## Your task
Reproduction of part of the material below, pictures omitted: copy exactly, and only, the lines starting with the one with "Vintage 2001 Tiara" and going on through the one with "Gingerbread cookies standing".

## Supplied information
[Start of section]
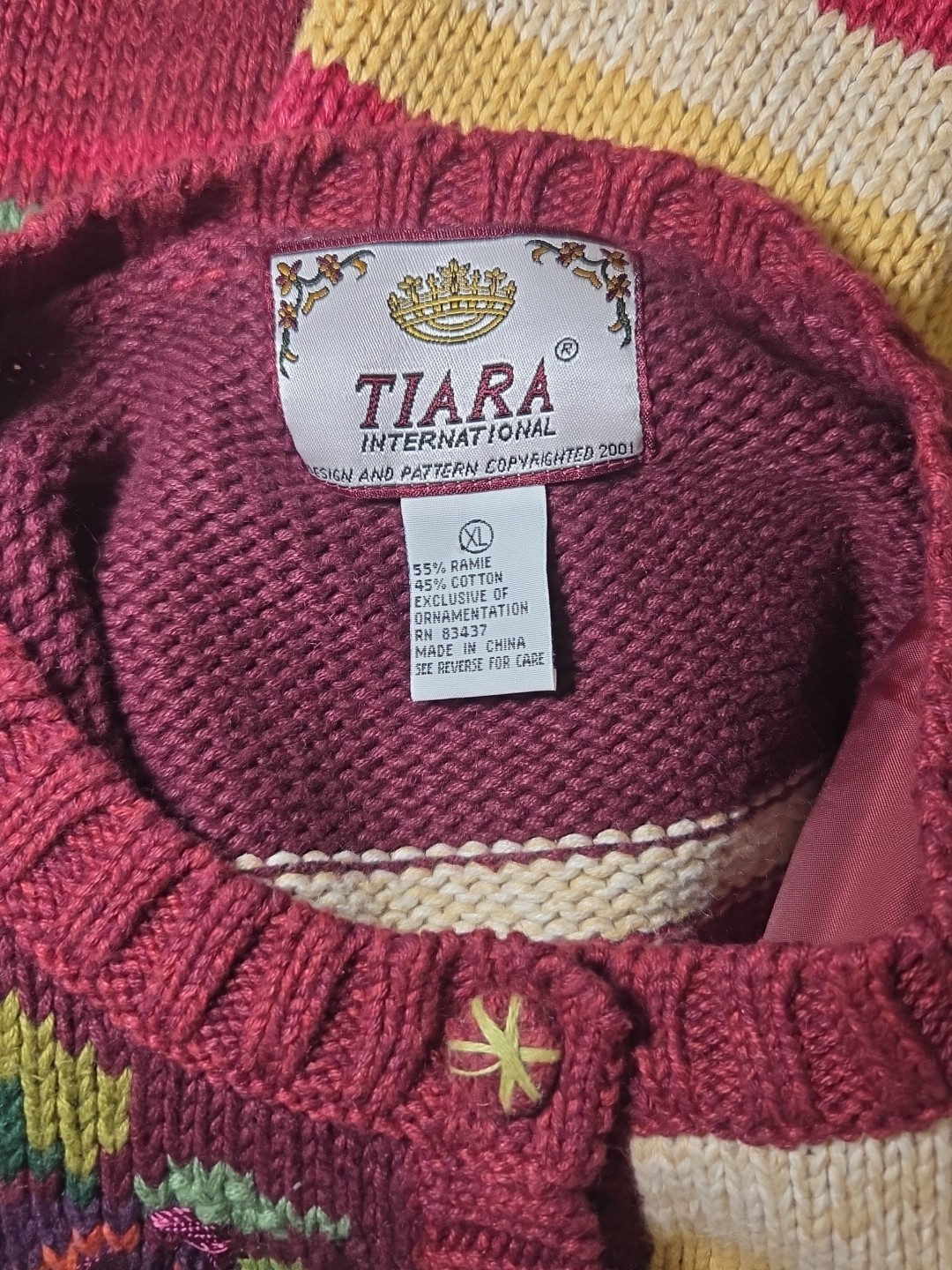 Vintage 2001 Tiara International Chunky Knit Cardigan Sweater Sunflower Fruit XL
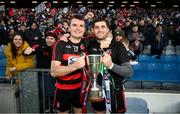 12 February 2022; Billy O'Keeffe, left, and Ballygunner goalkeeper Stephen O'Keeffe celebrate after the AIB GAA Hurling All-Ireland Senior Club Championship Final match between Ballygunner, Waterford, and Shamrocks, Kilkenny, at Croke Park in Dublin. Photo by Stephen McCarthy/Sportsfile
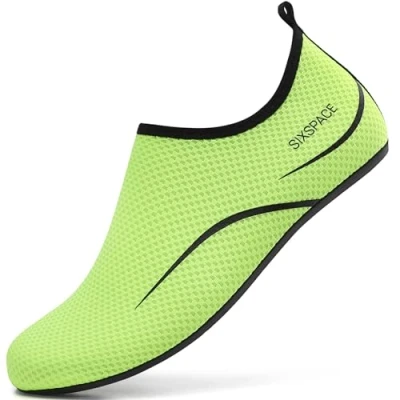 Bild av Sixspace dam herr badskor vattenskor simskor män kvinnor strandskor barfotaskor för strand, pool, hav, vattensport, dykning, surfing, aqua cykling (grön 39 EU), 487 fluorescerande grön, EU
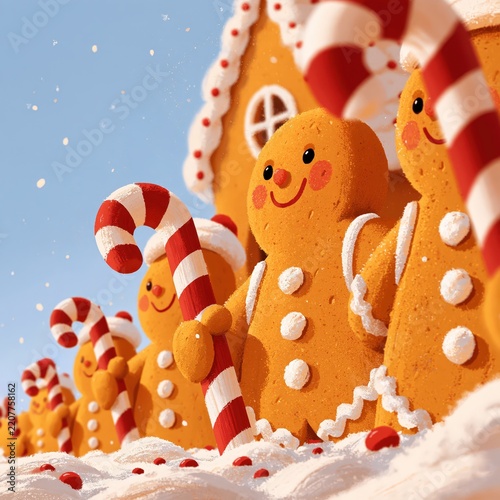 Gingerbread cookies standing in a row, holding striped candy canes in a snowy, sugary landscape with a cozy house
[End of section]
[Start of section]
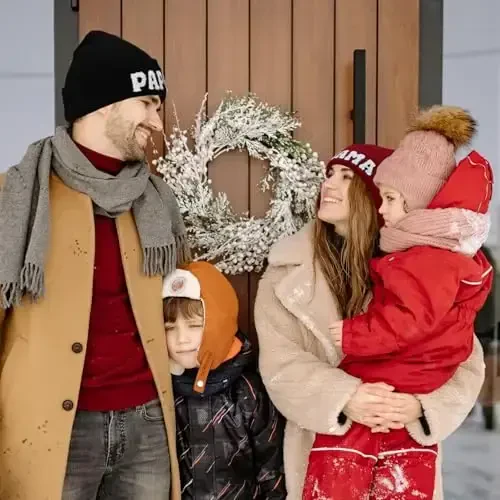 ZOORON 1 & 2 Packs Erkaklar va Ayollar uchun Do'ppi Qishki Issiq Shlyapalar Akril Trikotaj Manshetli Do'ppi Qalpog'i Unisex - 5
[End of section]
## Response to this task
 Vintage 2001 Tiara International Chunky Knit Cardigan Sweater Sunflower Fruit XL
 12 February 2022; Billy O'Keeffe, left, and Ballygunner goalkeeper Stephen O'Keeffe celebrate after the AIB GAA Hurling All-Ireland Senior Club Championship Final match between Ballygunner, Waterford, and Shamrocks, Kilkenny, at Croke Park in Dublin. Photo by Stephen McCarthy/Sportsfile
 Bild av Sixspace dam herr badskor vattenskor simskor män kvinnor strandskor barfotaskor för strand, pool, hav, vattensport, dykning, surfing, aqua cykling (grön 39 EU), 487 fluorescerande grön, EU
 Gingerbread cookies standing in a row, holding striped candy canes in a snowy, sugary landscape with a cozy house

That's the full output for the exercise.